THE DATA —
▬▬▬

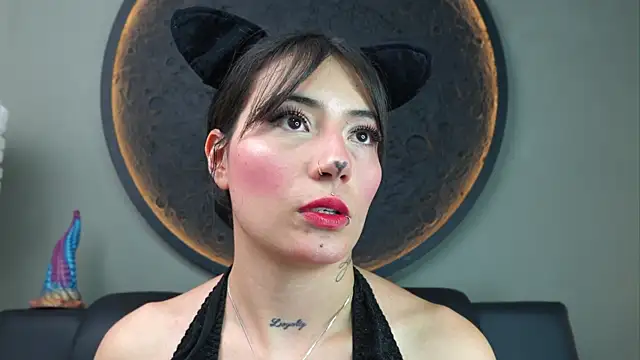 miss sharlotte18 online show from October 27, 6:09 pm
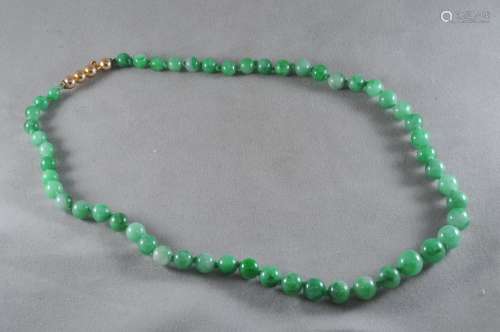 Set of jade beads Deep apple green colour. 8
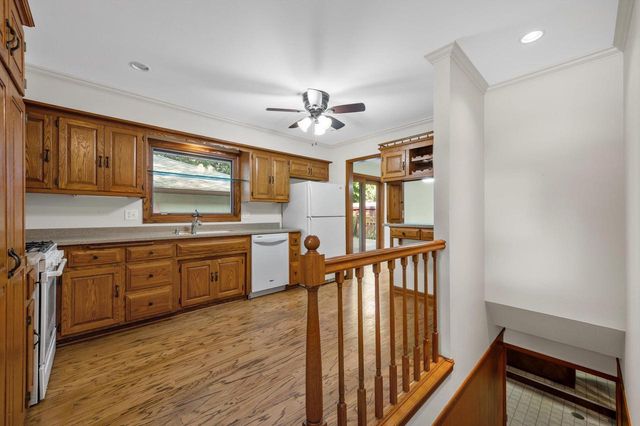 N85W18195 Lawrence AVENUE, Menomonee Falls, WI 53051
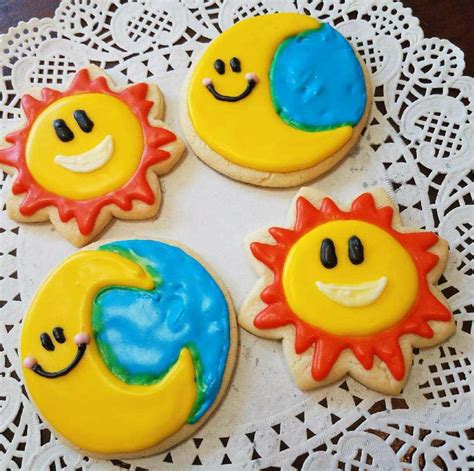 Happy Sun And Moon Sugar Cookies Maggie And Mollys Bakery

▬▬▬

WORK REQUEST — No pictures belong in the answer; copy all other parts of the listing exactly.

SOLUTION FOR THIS PROBLEM —
 miss sharlotte18 online show from October 27, 6:09 pm
 Set of jade beads Deep apple green colour. 8
 N85W18195 Lawrence AVENUE, Menomonee Falls, WI 53051
 Happy Sun And Moon Sugar Cookies Maggie And Mollys Bakery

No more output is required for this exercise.